Pasamos por delante de locales ya casi vacíos y de escaparates donde grupos de maniquíes representaban siempre la misma escena. Me habría gustado detenerme para ver qué hacían, pero la muchacha caminaba de prisa, taconeando, hasta que vio un rostro de neón, de mejillas rojas y palpitantes, que se lamía los labios con una lengua cómicamente larga; entonces exclamó:

— ¡Oh, bones! ¿Quieres un bon?

— ¿Y tú? — pregunté.

— Claro que sí.

Entramos en una sala pequeña y luminosa. En lugar de techo tenía largas hileras de llamas, que parecían de gas: desde arriba nos alcanzó de repente una oleada de calor; seguramente era gas. En las paredes había pequeñas concavidades con pupitres; cuando nos acercamos a una de ellas, surgieron de ambos lados unos asientos. Parecían salir de la pared, al principio incompletos, como capullos, que después se abrían en el aire, tomaban forma y se inmovilizaban. Nos sentamos el uno frente al otro; la muchacha golpeó con dos dedos la superficie de metal de la mesa y de la pared saltó una pequeña mano metálica; soltó ante cada uno de nosotros un plato de postre y, en dos rapidísimos movimientos, los llenó de una masa blanca, que a su vez fue cubierta por una espuma marrón; entonces los platos también se oscurecieron. La muchacha enrolló el plato, que en realidad no lo era, y empezó a comer como si se tratara de un pastel.

— Ah — dijo con la boca llena —, no sabía que estaba tan hambrienta.

Hice lo mismo que ella. El sabor del bon no me recordaba nada de lo que había comido en mi vida. Al morder, era crujiente como una galleta, pero en seguida se deshacía y derretía en la lengua; la masa marrón de que estaba relleno era muy picante. Pensé que no me costaría acostumbrarme a los bones.

— ¿Quieres más? — pregunté cuando hubo terminado. Ella sonrió y negó con la cabeza. Al salir, metió un momento las manos en un pequeño nicho embaldosado que despedía vapor.

La imité. Un viento cosquilleante me rodeó los dedos; cuando retiré las manos, estaban secas y limpias.

Entonces subimos por una escalera automática. Yo ignoraba si aún continuábamos en la estación, pero me avergonzaba preguntarlo. Me condujo hasta una pequeña cabina practicada en la pared; no estaba muy iluminada y tuve la impresión de que encima pasaban trenes, ya que el suelo temblaba. Durante una décima de segundo reinó la oscuridad, algo respiró profundamente bajo nuestros pies, como si un monstruo metálico vaciara sus pulmones, y entonces volvió a haber luz y la muchacha empujó la puerta.
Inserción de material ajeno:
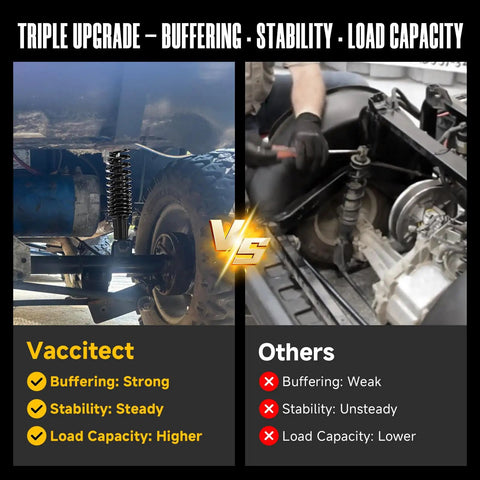 Built Like A Tank Heavy Duty Rear Shock With Coil Spring For Yamaha Golf Cart Compatible G29 Drive G22 G20 G19 G16 G14 G6 comparison image showcasing performance features.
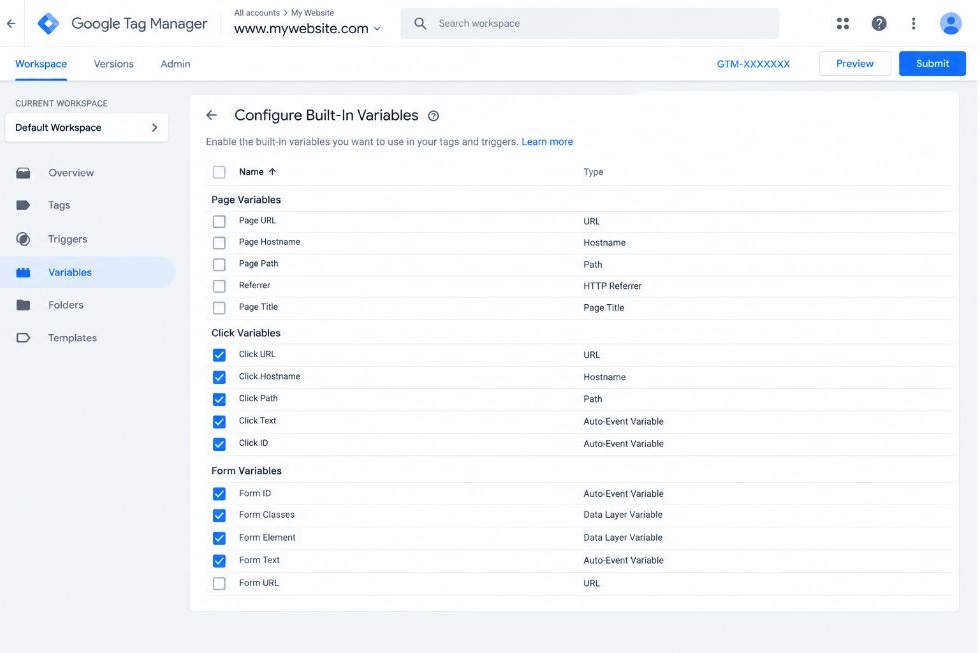 Google Tag Manager Cheatsheet: Set Up GA4, Meta Pixel and Meta CAPI in 7 Days 4 Screenshot of the Configure Built-In Variables panel with Click and Form variables ticked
Era realmente una calle. Estábamos completamente solos. Al borde de ambas aceras crecían pequeños arbustos podados; un poco más lejos había una apretada hilera de vehículos negros y aplanados. Un hombre salió de la sombra y se metió en uno de ellos; no le vi abrir ninguna puerta, desapareció simplemente y, sin embargo, el vehículo partió a tal velocidad, que el hombre debía ir casi echado en el asiento. No vi ninguna casa, sólo una carretera lisa, cubierta de franjas de metal mate; en los cruces temblaban luces rojas y anaranjadas, que pendían sobre el empedrado y recordaban un poco los modelos de reflectores del tiempo de la guerra.